I’d been up, walking circles around Cassie’s apartment, for days, but this was the first time I’d tried the stairs by myself, using the cane the hospital had given me.

Even so, my stiff legs were practically itching to run. I started to remember the last time, the day before Frankie and Rooster and I found out we were heading to the Pakistan border. I’d hit the track at dawn, leaving Rooster and Frankie sleeping in the little wood-paneled room, untouched air in my lungs, holding two truths at once: that everything was hard, and that everything was going to be okay.

And then it hadn’t been.

The memory hooks came. If we hadn’t gotten in the jeep, if I’d blocked Frankie, if, if, if. The daily desire for cloud head was rising, wanting to erase it all. I pushed it away. Not here, not here, not now. I’d taken only one this morning.

I’d put Rita in charge of my prescription, instructing her to stagger them out to twice a day, no matter what I asked. She understood.

Not a second later, as if to reward me, Jake turned down Cassie’s street in his car. “You need a hand getting in?” he called through the open window.

I limped toward him. “Nah, it’s good.”

“Well, look at you,” he said.

The whole drive to Buda we barely spoke, just listened to the local sports radio station’s pregame analysis. It was the conference championship, they were saying. The Bears were favored to win.

We were late. Of course, precisely when I had plopped my cane onto the first row of bleachers, hauling my gimp leg like a sack of potatoes, the band director tapped his baton on the stand. Everyone rose in silence, their hands on their hearts, poised to sing the national anthem.

Thump. I had been concentrating on propelling myself to the next step, not noticing that the talking had died down. Kerthump.

Everyone’s eyes were pulled toward the sound. “Poor guy,” I heard. “Morrow’s son. Veteran.”

The band director, being the patriot that he was, waited until I had made a slow, rotisserie chicken–like turn to face the flag.

“Oh, say can you see,” the voices began around me.

“Move to give him your seat, Carl,” I heard.

Jake and I kept our eyes ahead. I didn’t want anyone’s seat. All I did was get shot at and come back home and sit on a stranger’s couch eating pills. I didn’t deserve anyone’s seat. For the thousandth time that day, I wished I was cloud head.
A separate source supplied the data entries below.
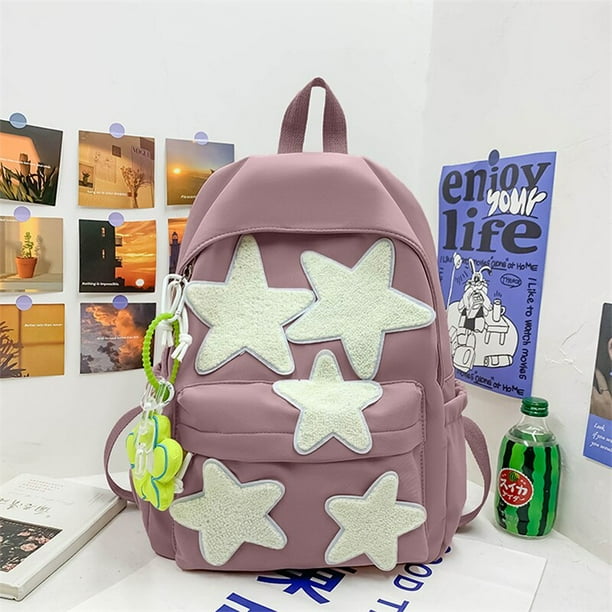 Mochila escolar grande de lona para niña, bolso escolar de moda coreana,  bolsa de libros impermeable para estudiantes, bolsa de viaje bonita Fivean  unisex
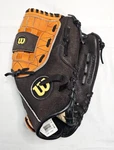 Wilson PRO450 A0450 12 Inch Baseball Mitt Glove Brown Tan Right Hand Throw- Euc. Fixed Price $14.49.
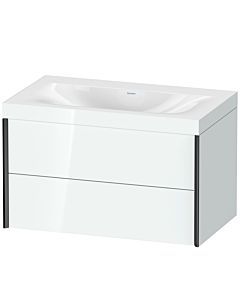 Duravit Meuble sous-vasque XViu XV4615NB285C 80x48cm, 2 tiroirs, sans trou pour robinet, noir mat, Rahmen C, blanc brillant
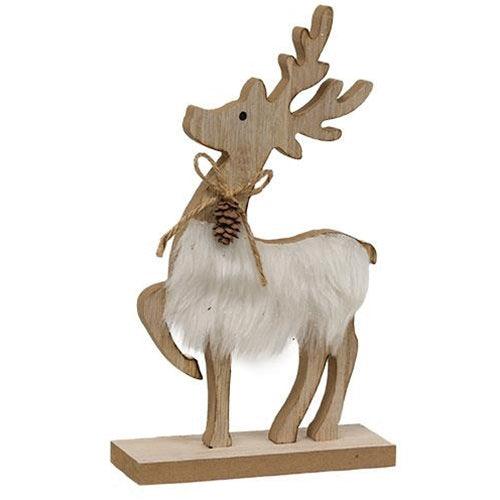 Fuzzy Nordic Reindeer on Base - The Fox Decor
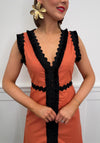 Serafina Collection Fringed Trim Linen Maxi Dress, Orange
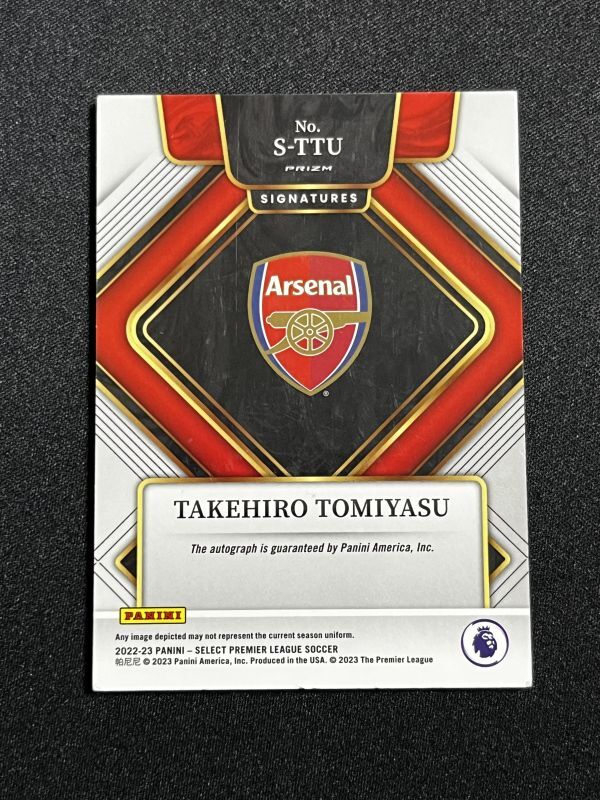 冨安健洋 直筆サインカード 2022-23 Panini Select EPL Silver Prizm Auto Takehiro Tomiyasu Arsenal 日本代表 *説明必読の画像2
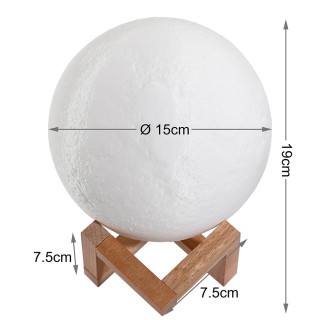 BAKAJI Λαμπάδα Τραπέζι Σελήνη 15cm Φως LED 3 Χρώματα Moon Lamp Μπατ...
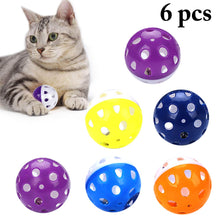 Load image into Gallery viewer, 6pcs Toys for Cats Ball with Bell Ring Playing Chew Rattle Scratch Plastic Ball Interactive Cat Training Toys Pet Cat Supply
No.

About halfway through the first quarter, Jake and I had finally made it to the only open seats in the third row.

“You good, man?” he asked, helping to ease my lower half into a sitting position.

“Yeah,” I assured him. “Just don’t ask me to get you anything from the concession stand.”

Jake laughed and I felt an inch of relief.

One of the Bears’ post players had just dived for the ball. Out of bounds. The whistle blew.